Lordsburg schools set April 20 board meeting, livestream and public comment options
Lordsburg schools gave parents three ways to track Monday’s board meeting, with public comments due by 4 p.m. and John Plowman on the board roster.

Parents, teachers and other residents had three ways to follow Lordsburg Municipal Schools’ Board of Education meeting at 6 p.m. Monday, April 20, at 401 W. 4th Street in Lordsburg: in person, through the district’s YouTube streams page, or by sending public comments to boardcomments@lmsed.org by 4 p.m. the same day. The district’s website listed John Plowman and Fabian De La O among the board members, with Plowman’s term shown as expiring in 2025 and De La O’s in 2027.
That access mattered because school boards are where decisions on staffing, budgets, calendar changes, policy updates and facility issues usually move forward. Even without a full agenda attached to the notice, the meeting was the place where the district could have discussed matters that directly shape classrooms, employee workloads and student services across the small Hidalgo County district.

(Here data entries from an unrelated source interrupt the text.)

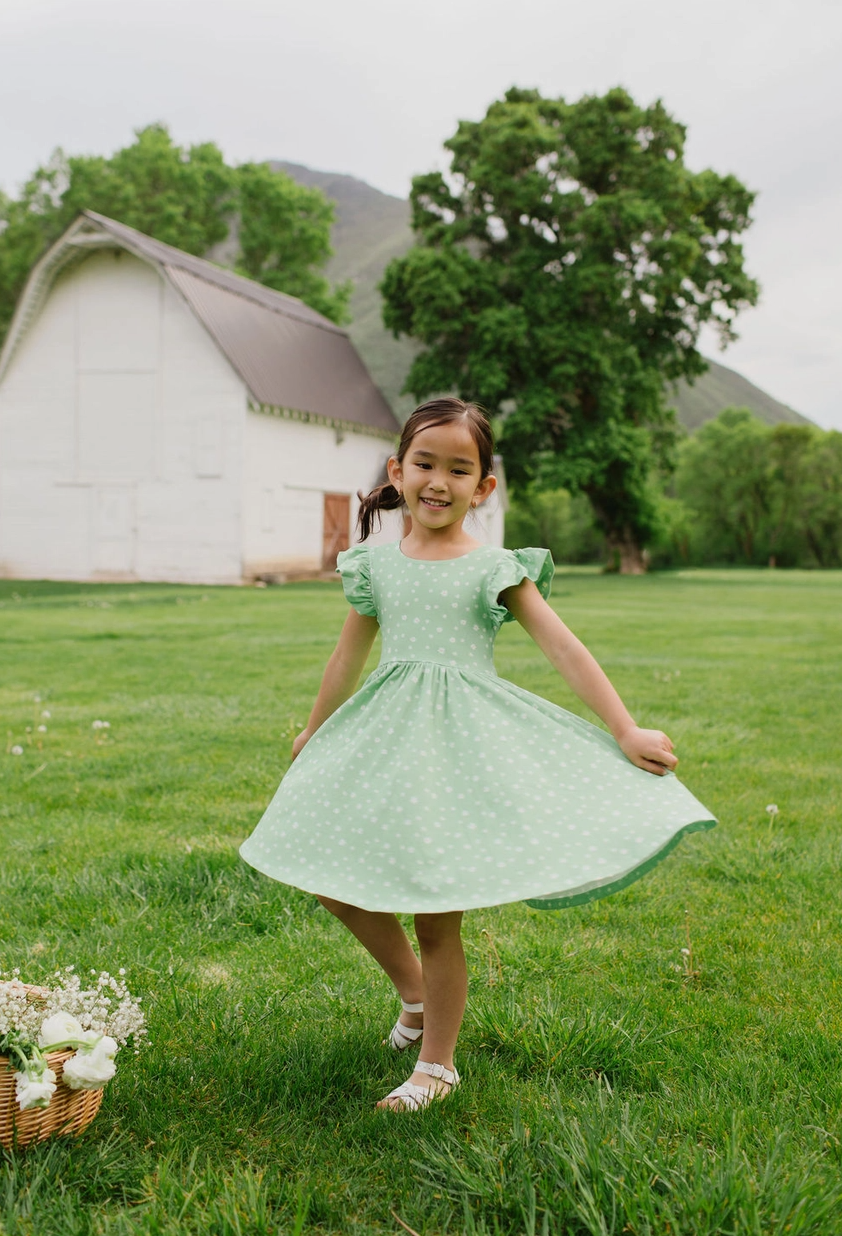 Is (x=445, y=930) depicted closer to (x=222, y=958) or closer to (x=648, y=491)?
(x=222, y=958)

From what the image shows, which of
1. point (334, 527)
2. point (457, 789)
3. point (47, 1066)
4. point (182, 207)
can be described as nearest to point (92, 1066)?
point (47, 1066)

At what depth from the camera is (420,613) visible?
8.43 ft

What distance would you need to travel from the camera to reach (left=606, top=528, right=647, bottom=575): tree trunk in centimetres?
3572

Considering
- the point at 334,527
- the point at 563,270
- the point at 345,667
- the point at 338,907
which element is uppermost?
the point at 563,270

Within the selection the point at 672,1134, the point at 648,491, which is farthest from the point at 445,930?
the point at 648,491

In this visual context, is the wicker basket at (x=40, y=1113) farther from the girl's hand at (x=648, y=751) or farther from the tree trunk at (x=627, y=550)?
the tree trunk at (x=627, y=550)

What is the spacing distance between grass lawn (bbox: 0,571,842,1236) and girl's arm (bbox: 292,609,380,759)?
82 centimetres

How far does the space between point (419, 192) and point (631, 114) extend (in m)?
6.19

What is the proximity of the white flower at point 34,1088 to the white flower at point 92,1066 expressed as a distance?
43 mm

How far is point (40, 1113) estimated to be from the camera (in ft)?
6.70

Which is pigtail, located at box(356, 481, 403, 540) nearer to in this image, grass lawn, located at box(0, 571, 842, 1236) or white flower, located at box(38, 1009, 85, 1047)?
grass lawn, located at box(0, 571, 842, 1236)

The emphasis on livestreaming and written public comment also lined up with state open-meeting rules. New Mexico’s Open Meetings Act says policymaking bodies must meet in public, and a 2024 legislative bill on school board webcasting called for live audio and video available through the district website, along with a way for the public to submit written or verbal comments. Lordsburg Municipal Schools has used nearly identical livestream and email-comment language before, including notices for March 16, 2026, and Oct. 20, 2025, showing the district has turned that access into a standing practice.
The timing fit a busy stretch on the district calendar. On April 20, the events page also listed a baseball game against Capitan at Dugan-Tarango Middle School. Two days later, April 23, the calendar showed a PLC early-release day and the Maverick Track Richard Moore Invite at Maverick Stadium. That cluster of events underscored how quickly board business, athletics and end-of-year scheduling can overlap as the school year heads toward its final weeks.
The district’s broader online feed also continued to push student-facing information, including Western New Mexico University dual-credit registration for students in grades 9 through 12, with a $90 online fee per class. Taken together, the board notice, livestream option and calendar updates showed a small district trying to keep governance visible while daily school operations moved at full speed.